The great truths revealed by the world's Redeemer are for those who search for truth as for hid treasures. Daniel was an aged man. His life had been passed amid the fascinations of a heathen court, his mind cumbered with the affairs of a great empire. Yet he turns aside from all these to afflict his soul before God, and seek a knowledge of the purposes of the Most High. And in response to his supplications, light from the heavenly courts was communicated for those who should live in the latter days. With what earnestness, then, should we seek God, that He may open our understanding to comprehend the truths brought to us from heaven.
"I Daniel alone saw the vision: for the men that were with me saw not the vision; but a great quaking fell upon them, so that they fled to hide themselves. . . . And there remained no strength in me: for my comeliness was turned in me into corruption, and I retained no strength" (verses 7, 8).
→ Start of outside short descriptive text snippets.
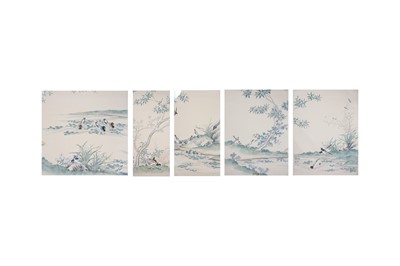 Lot 730 - A SET OF FIVE CHINESE 'HUNDRED BIRDS' WALLPAPER PANELS.
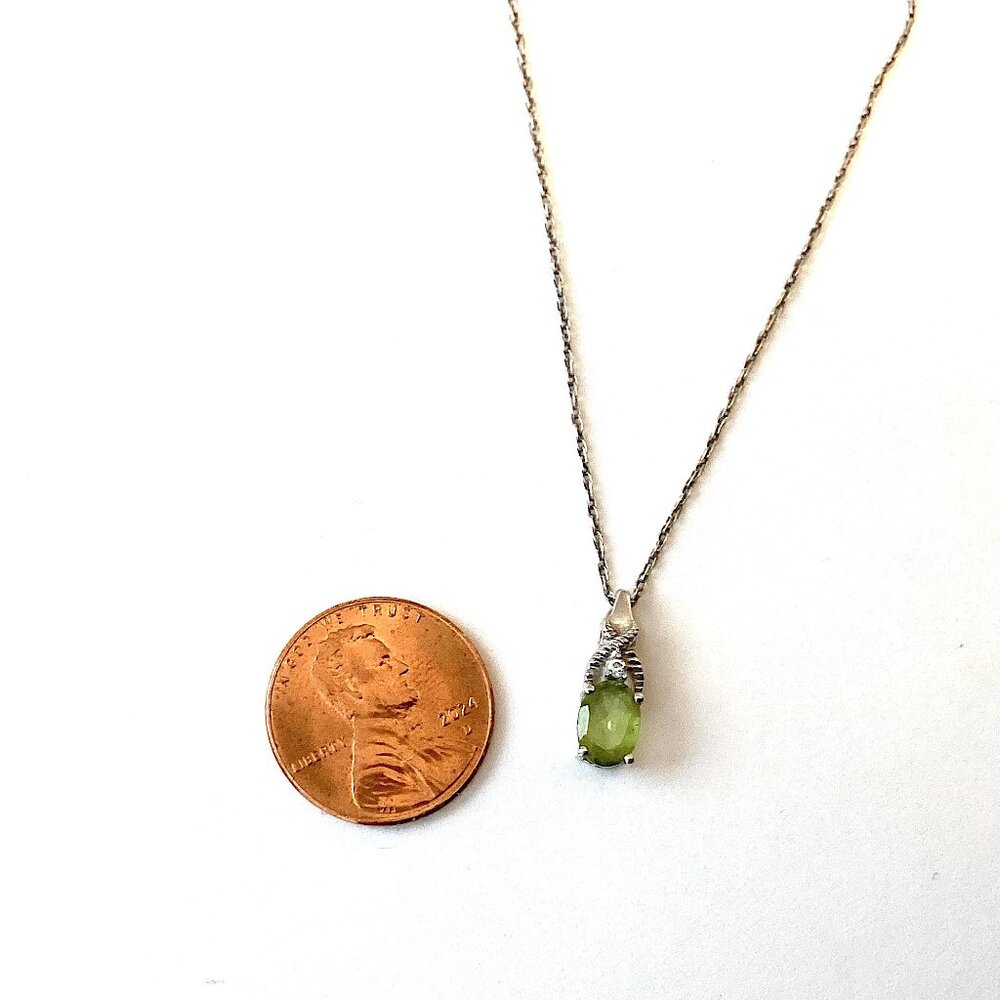 Vintage Peridot Necklace, Sterling Silver with CZ and Green Stone Pendant - Picture 3 of 12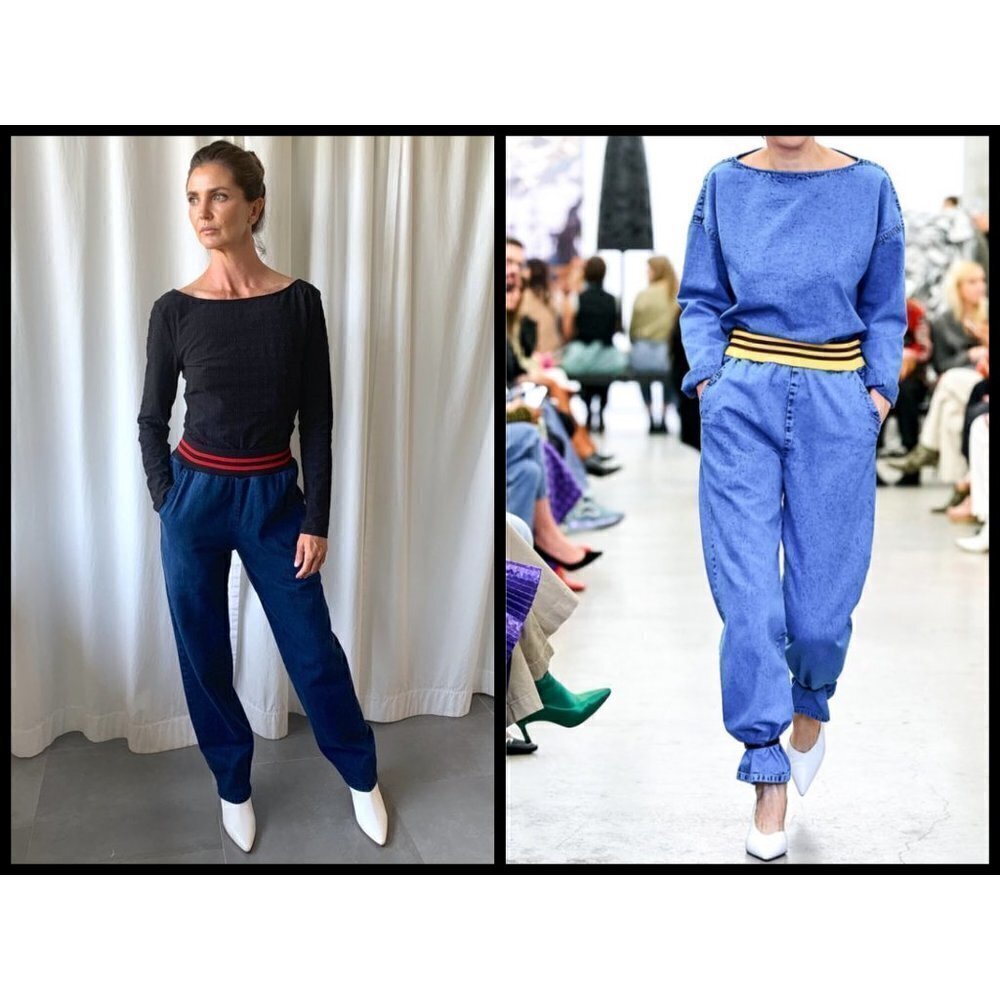 💕RACHEL COMEY💕 Doxa Pant Striped Elastic Waist Acid Wash Denim Navy Large NWT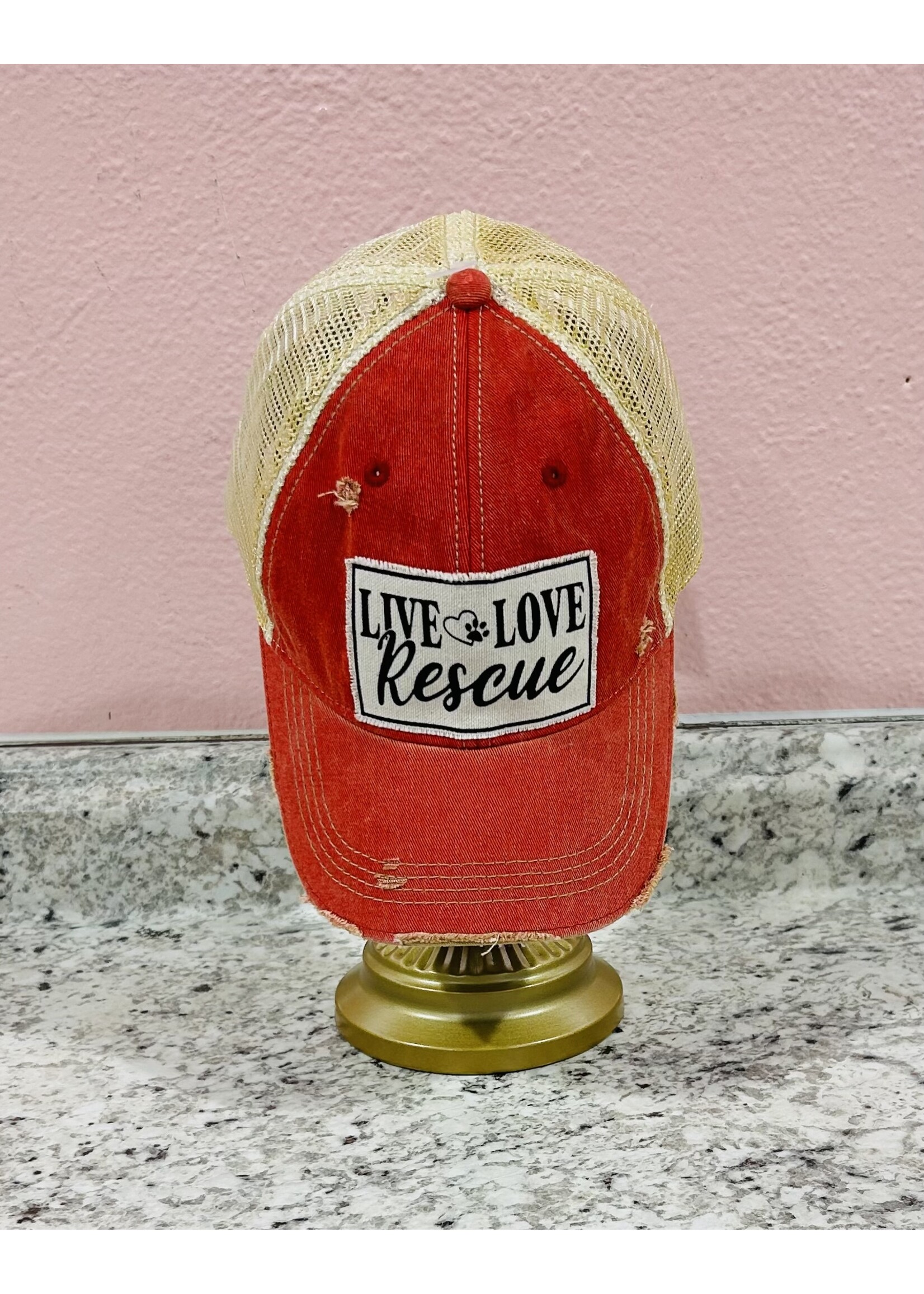 Vintage Life Live Love Rescue Distressed Trucker Hat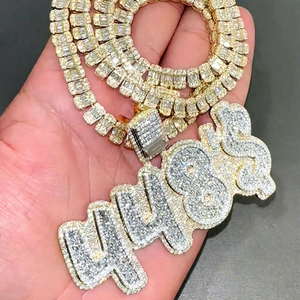 Colgante Hip Hop Personalizado con Número, Chapado en Rodio, Plata de Ley 925 con Moissanita, para Hombre - Product Image 1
All who are truly sanctified will have a similar experience.
The clearer their views of the greatness, glory, and perfection of Christ, the more vividly will they see their own weakness and imperfection. They will have no disposition to claim a sinless character; that which has appeared right and comely in themselves will, in contrast with Christ's purity and glory, appear only as unworthy and corruptible. It is when men are separated from God, when they have very indistinct views of Christ, that they say, "I am sinless; I am sanctified."
Gabriel now appeared to the prophet, and thus addressed him: "Oh Daniel, a man greatly beloved, understand the words that I speak unto thee, and stand upright: for unto thee am I now sent. And when he had spoken this word unto me, I stood trembling. Then said he unto me, Fear not, Daniel: for from the first day that thou didst set thine heart to understand, and to chasten thyself before thy God, thy words were heard, and I am come for thy words" (verses 11, 12).